From: Pat Hayes <phayes@ihmc.us>
Date: Mon, 24 Jun 2013 23:02:24 -0500
To: Gregg Reynolds <dev@mobileink.com>
Cc: public-lod@w3.org
Message-Id: <B76B950C-313B-41AF-99F7-4F22A35E0321@ihmc.us>
On Jun 24, 2013, at 2:07 PM, Gregg Reynolds wrote:

> On Mon, Jun 24, 2013 at 9:32 AM, Pat Hayes <phayes@ihmc.us> wrote:
> 
> Hi, and thanks for the comments.  FYI I have some draft articles in
> the can that will add clarity and detail, I hope.  In the meantime ...
>> 
>> On Jun 23, 2013, at 11:49 AM, Gregg Reynolds wrote:
>> 
>>> Hi folks,
>>> 
>>> A couple of years ago I got the idea of finding alternatives to the
>>> official definition of RDF, especially the semantics.  I've always
>>> found the official docs less than crystal clear, and have always
>>> harbored the suspicion that the model-theoretic definition of RDF
>>> semantics offered in http://www.w3.org/TR/rdf-mt/ was unnecessary, or
>>> at least unnecessarily complicated.  Needless to say that is my own
>>> personal aesthetic judgment, but it did motivate my little project.
>>> 
>>> I guess the past two years have not been completely wasted on me; what
>>> was a somewhat vague intuition back then seems to have matured into a
>>> pretty clear idea of how RDF ought to be conceptualized and formally
>>> defined.  Clear to me, anyway; whether it is to others, and whether it
>>> is correct or not is a whole 'nother matter.
>>> 
>>> Since pursuing this idea will involve a lot of writing I won't pursue
>>> it here; instead I've described the the basic ideas in a blog post at
>>> http://blog.mobileink.com/.
>> 
>> Hmm. You say some things in there that seem to be just plain wrong.
> 
> 
>>> 1. [The RDF semantics] "restricts interpretation to a single semantic domain."
>> 
>> I am not sure how you can possibly read the semantics in this way, but the whole point of model theory is to permit many - usually, infinitely many - interpretations, over arbitrary domains. The only domain restriction in RDF (as in most model theories) is that the domain be non-empty and that it contain basic literal values such as character strings.
> 
> Point taken.  My statement was incorrect and needs to be changed; the
> point I was trying to get at is that RDF-MT seems to privilege the
> domain it defines - the set IR of Resources, etc.

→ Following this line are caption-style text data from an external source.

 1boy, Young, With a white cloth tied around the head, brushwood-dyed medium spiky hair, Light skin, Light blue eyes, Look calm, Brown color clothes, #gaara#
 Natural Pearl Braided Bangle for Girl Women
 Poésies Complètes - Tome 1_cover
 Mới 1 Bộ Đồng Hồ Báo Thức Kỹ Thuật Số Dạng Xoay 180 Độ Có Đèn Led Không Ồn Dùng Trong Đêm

Well, its a formal, artificial, language, and it comes with a semantics as part of its definition. Just like many other logics in many logic textbooks, many programming languages, etc.. So yes, I guess it does "privilege" that semantics, since that semantics is part of it (by definition).

>  The basic semantic
> constraints are stated in terms of this domain, which implicitly
> restricts semantic domains to those that have, for example, a set of
> binary relations for the properties.  But this is not necessary; you
> can define models that do not contain such relations.

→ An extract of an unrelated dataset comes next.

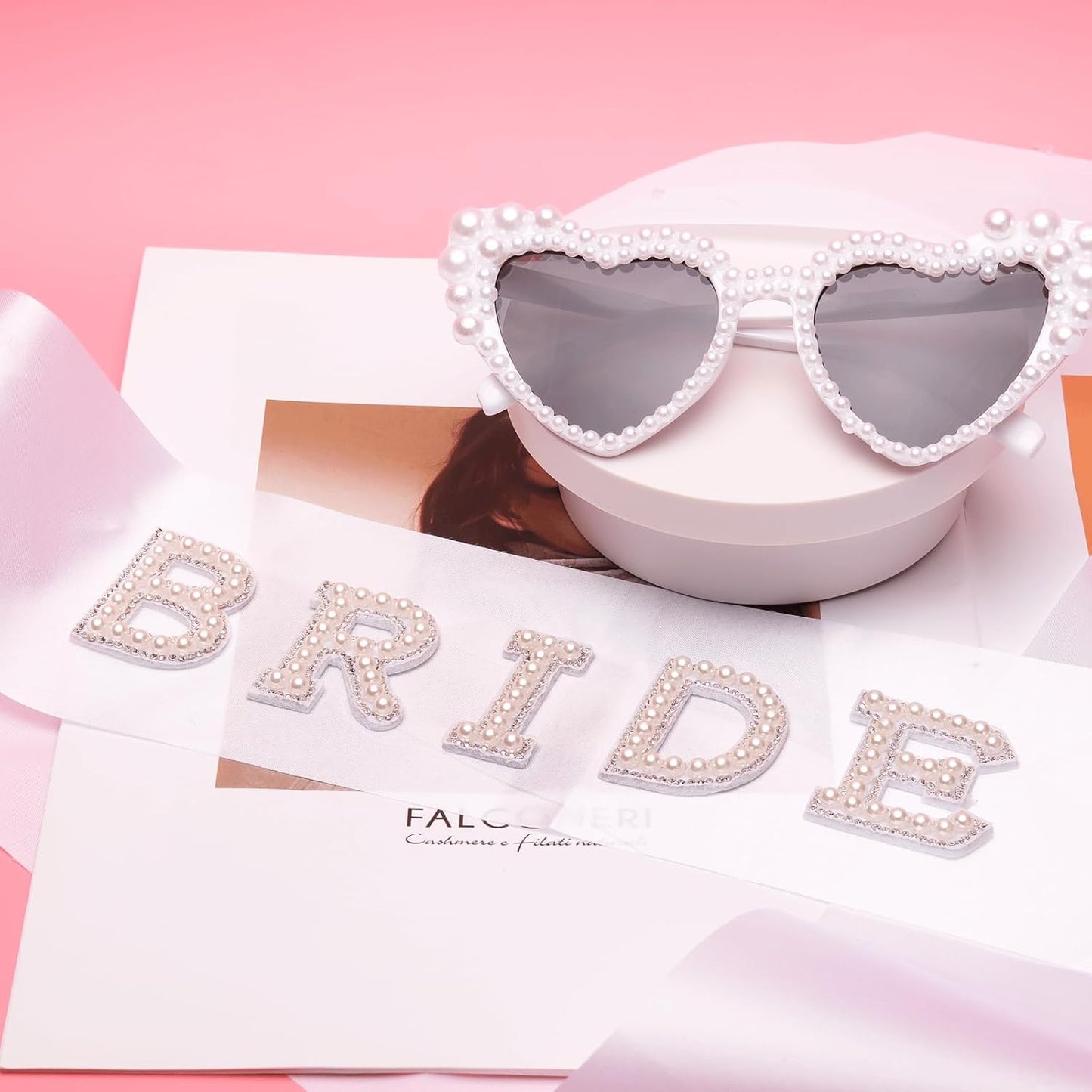 Pearl Bride Sunglasses with Sash - White Heart Sunglasses for Bachelorette Party Decorations Bridal Shower Wedding Engagement Favors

You *can* (re)define RDF graphs to be a musical notation, or a way of drawing simple cartoons. So what? 

>  An obvious
> example is a set of objects N and the set of their triples NxNxN.
> (I'll describe this in more detail in a later blog article).

Have you checked out the mapping from RDF to FOL mentioned in passing in the 2004 Semantics document? It maps an RDF triple S P O to the atomic sentence triple(S, P, O). You might find it congenial. 

> 
>>> 2. "The so-called abstract syntax described  in RDF Concepts and Abstract Syntax serves as the formula calculus, but it is incomplete.  It specifies that a triple (statement) "contains" three terms (nodes), and that an RDF graph is "a set of triples".  But these are not rules of a calculus; they do not tell us how to construct statements in a formal language."
>> 
>> First, the whole point of defining an 'abstract' syntax is to allow for a variety of concrete (lexical) syntaxes, so if you prefer to work at a concrete level, just choose one of those, eg RDF/XML or N-Triples.
> 
> It just dawned on me that when people talk about the abstract syntax
> of RDF in this manner what they often mean is "abstract description of
> possible syntax (or set of syntaxes)".  Is that a fair description of
> what you have in mind?

That is one way to read it, but what I had in mind in using the term "abstract syntax" was the way it is used by John McCarthy (who coined the term originally), as syntax re-described as an algebra on terms and expressions. RDF uses graphs since its syntax is so extremely simple that it does not actually require any algebraic structure, but the basic idea is the same. 

>  I can't see any other way to read it, since by
> definition what is abstract cannot be written down, and if you cannot
> write it down you may be able to think about it but you cannot use it
> to communicate.

It is a structure (the graph) which can be described and its properties given precisely, and it can be directly represented in computer memory as a datastructure. That is enough to make it a syntax as far as I am concerned. What it is not, is a grammar defined on character strings. Concrete RDF syntaxes like RDF/XML and NTriples can be described this way, of course (though for XML, better ways are available.)

>  You can publish a document that describes a class of
> syntaxes abstractly, but you cannot publish and abstract syntax.

Sure you can. We did. 

> 
> I suppose one could describe an abstract syntax by referring only to
> syntactic positions and symbol classes; e.g. for Lisp something like
> "the first symbol must be an opening delimiter, the second a function
> symbol, " and so forth.  But this would be useless for model theory,
> which needs not only symbols but tokens.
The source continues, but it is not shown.